Les personnages ont une grande douleur, cherchent un moyen de survivre. Tout bascule à un moment donné et ça ne peut pas s'arrêter.
J'aime tout ce qui est dit à propos des mots, "transparents", "comme des fenêtres", qui obscurcissent les faits que le personnage veut décrire (par exemple p. 205 dans la deuxième histoire).
J'aime quand il parle de son errance dans la ville. Il cherche à oublier quelque chose de terrible. Les descriptions sont belles. Les personnages secondaires intéressants, forts. Comment se crée un écrivain, c'est intéressant.
Il se révèle beaucoup, il n'essaie pas de plaire, il ne se raconte pas d'histoire.

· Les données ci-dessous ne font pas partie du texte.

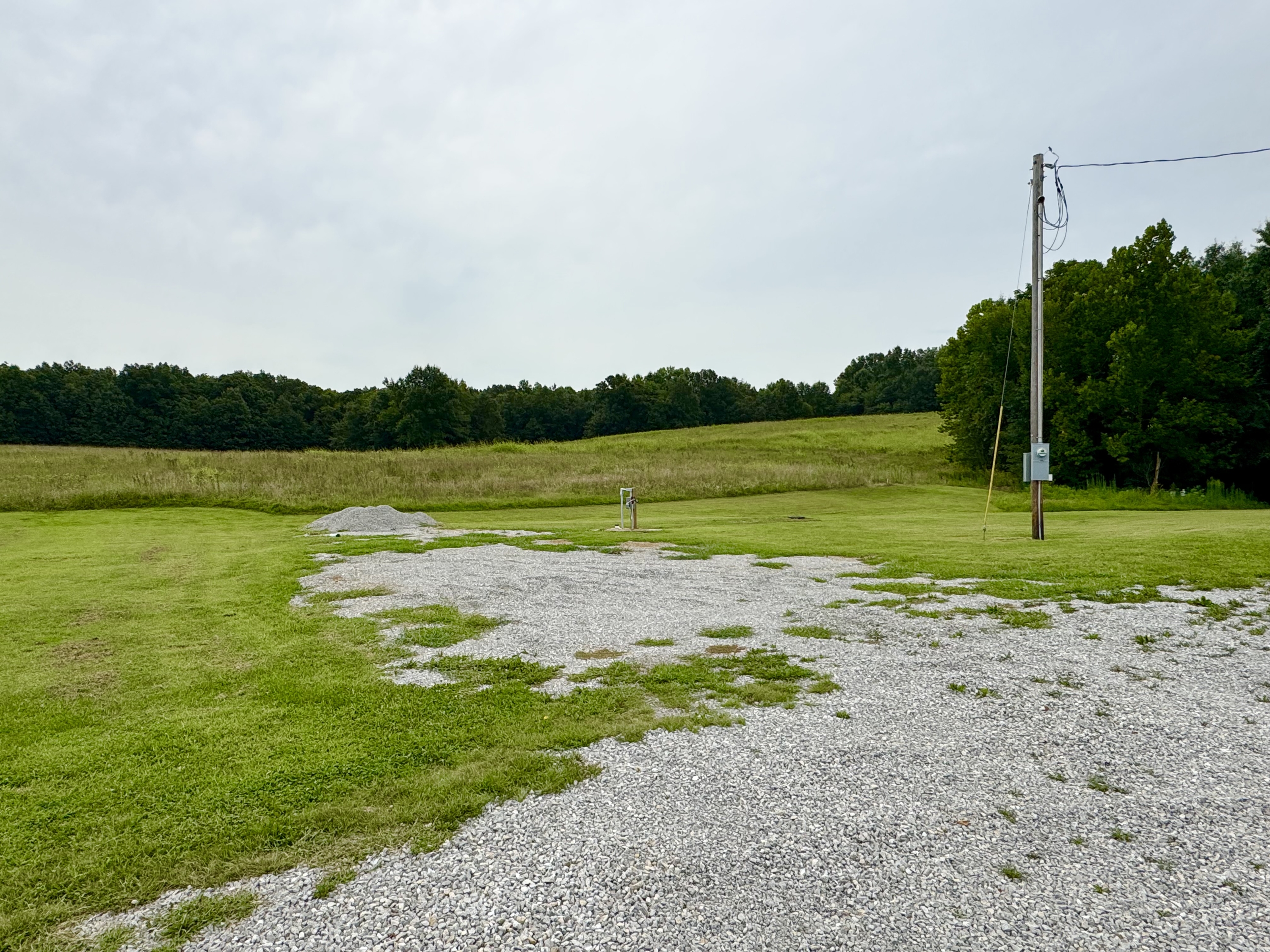 534 SE 650th Rd - 6B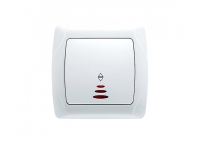 ������� VIKO CARMEN ���� ��������� � ������������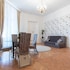 Prague City Center Mikulandska Apartment by easyBNB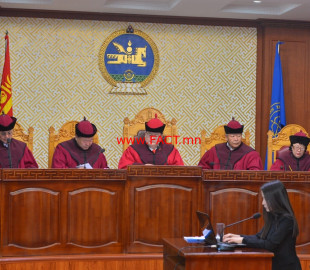 p1c7dtpec8ut0t9ugmd6dq1vck3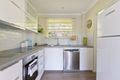 Property photo of 21/75 Pacific Parade Dee Why NSW 2099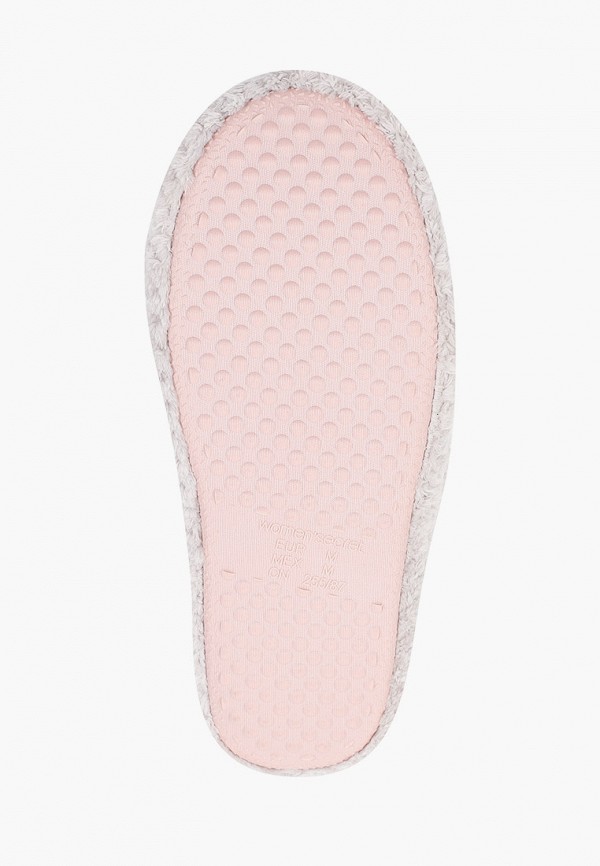 фото Тапочки women'secret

Les anecdotes sont mélangées avec l'Histoire.
Un épuisement s'ensuit : on ne peut pas s'arrêter, on a besoin d'une délivrance.

Sabine
J'ai lu 10 pages de la deuxième histoire. J'ai adoré la première et aimé la troisième.
C'est un livre très américain : j'ai bien senti le vent de l'Atlantique, la notion d'espace.
J'ai été accrochée au langage délirant de Stilman. J'ai senti le polar. C'est profondément ludique. Il y a un charme fou. J'aurais voulu être Sophie. C'est presque un roman à l'eau de rose. Il y a des moments de frisson. Un mélange des histoires. Une grande finesse, qui donne une légèreté, des moments de rire. Un tableau avec des champs qui s'emboîtent, un méta livre.
Mais une lecture facile, limpide. Beaucoup de sentiments. Un jeu de mots sur Auster ?

Henri-Jean
Je ne connais pas le livre dont vous parlez et je n'ai pas l'impression que vous parlez du même livre.
Christine m'a donné envie de le lire.

Renée
Je lis le début et ça ne me dit rien. Le premier paragraphe me tue : "C'est un faux numéro qui a tout déclenché, le téléphone sonnant trois fois au cœur de la nuit et la voix à l'autre bout demandant quelqu'un qu'il n'était pas. Bien plus tard, lorsqu'il pourrait réfléchir à ce qui lui était arrivé, il en conclurait que rien n'est réel sauf le hasard. Mais ce serait bien plus tard. Au début, il y a simplement eu l'événement et ses conséquences. Quant à savoir si l'affaire aurait pu tourner autrement ou si elle avait été entièrement prédéterminée par le premier mot qui sortit de la bouche de l'étranger, ce n'est pas le sujet. Le sujet, c'est l'histoire même, et ce n'est pas à elle de dire si elle a un sens ou pas."

Catherine
J'ai adoré. C'est l'expression de la vie. D'une habileté extrême.

Dominique
J'ai adoré. J'ai été prise dedans.
Je ne suis pas d'accord avec le thème de la vie.
Malgré quelques notations concrètes, c'est l'étrangeté, indivisable.
Il y a une multiplicité d'histoires. Je suis incapable de raconter. Et pourtant c'est clair.
J'ai buté sur les imparfaits du subjonctif.
Ce fut un énorme plaisir à lire.

Jacques
J'ai été assez fasciné. J'ai aimé le livre, sauf la fin, la conclusion que j'ai pas aimée.
Il y a une profusion de détails. C'est difficile à raconter.
C'est la deuxième histoire qui m'a le plus plu. Ces deux personnages face à face dans leur solitude. Il n'y a pas de fin. Une très grande solitude des personnages qui mène à la folie.
Auster sait écrire une histoire. Il y a un foisonnement de détails qui ont tous leur importanc, une imagination fabuleuse.
Les gens sont attirés par une spirale et doivent aller jusqu'au bout. Un aimant pousse en avant, au-delà de la raison.
Pour moi, ce n'est pas un polar ; le polar est un moyen seulement. Je vois un parallèle avec Don Quichotte pour la première partie. J'ai perdu les pédales.